Por otra parte y no sin salirnos todavía del contenido, es cierto que hay muchos lugares en este extravagante planeta que todavía nos son desconocidos para todos. El mundo también está habitado por rincones, esquinas, bordes, escondites, agujeros, etc., que todavía no han sido escaneados por ninguna retina humana. Y así es en lo más recóndito de cuantiosos bosques, en los que no se sabe a ciencia cierta qué se puede hallar.  Algunos exploradores deseosos de nuevos descubrimientos en los que sólo ellos podrían ser sabedores de territorios inhóspitos y vírgenes, han intentado adentrarse en busca del misterio sin resolver, pero sin éxito, pues todos ellos han acabado dando media vuelta por simple aburrimiento, por no encontrar más que maleza agobiante, oscuridad misteriosa y telarañas a raudales. Y quizá allá donde no alcanza el sol, ni siquiera la luna, lograrían haber hallado espacios que todavía están por descubrir, y que son oscuramente extraordinarios.
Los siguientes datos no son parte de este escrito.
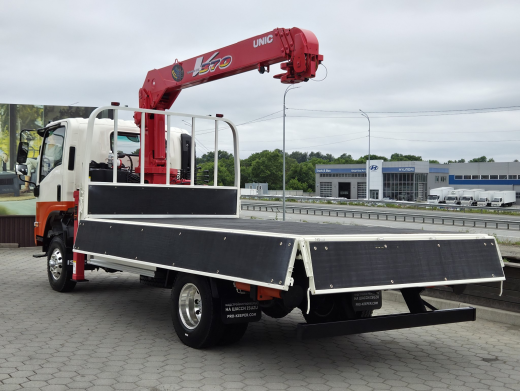 ISUZU ELF бортовой с КМУ UNIC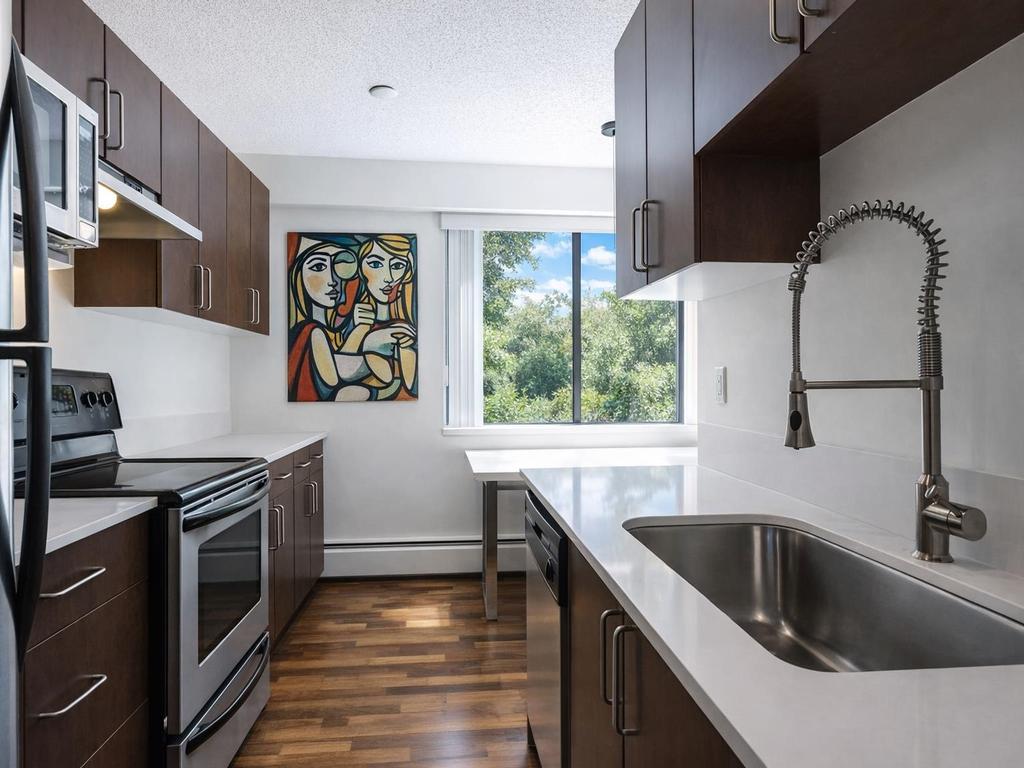 Listing Image for R3080406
Es posible que alguna mente maravillosa y sin margen de limitación, como por ejemplo la de un niño o una niña, haya conquistado fascinantes lugares en su imaginación que existan en realidad. Deberíamos preguntarles.

Pues bien, la oscuridad, tras insonoros estudios debe y podría ser el lugar más indicado y confortable para estas personas con demasiado pánico e inseguridad en sus vidas, porque con oscuridad no hay mucho que ver, por lo tanto tampoco hay mucho que sentir.
El señor Phearest es uno de ellos, un miedoso empedernido. Teme a casi todo, como por ejemplo a cruzar la acera, ha tenido graves dificultades al intentar llegar a la calle que está frente a su casa, también le horrorizan  las piruletas porque se le pueden pegar al pelo, las farolas porque le pueden romper la nariz, la música porque le puede dejar sordo, las bañeras porque podría ahogarse en una marejada, los cajones porque le harían desaparecer los calcetines, los espejos por el terror de encontrarse lo que hay dentro de ellos, los relojes porque se podrían gastar las pilas y quedarse sin tiempo, las chapas porque se le podrían incrustar en un ojo, las nubes porque un día de estos podría caerse alguna justo encima de él y aplastarle, y un sinfín de más cosas y teorías, a juicio alguno absurdas.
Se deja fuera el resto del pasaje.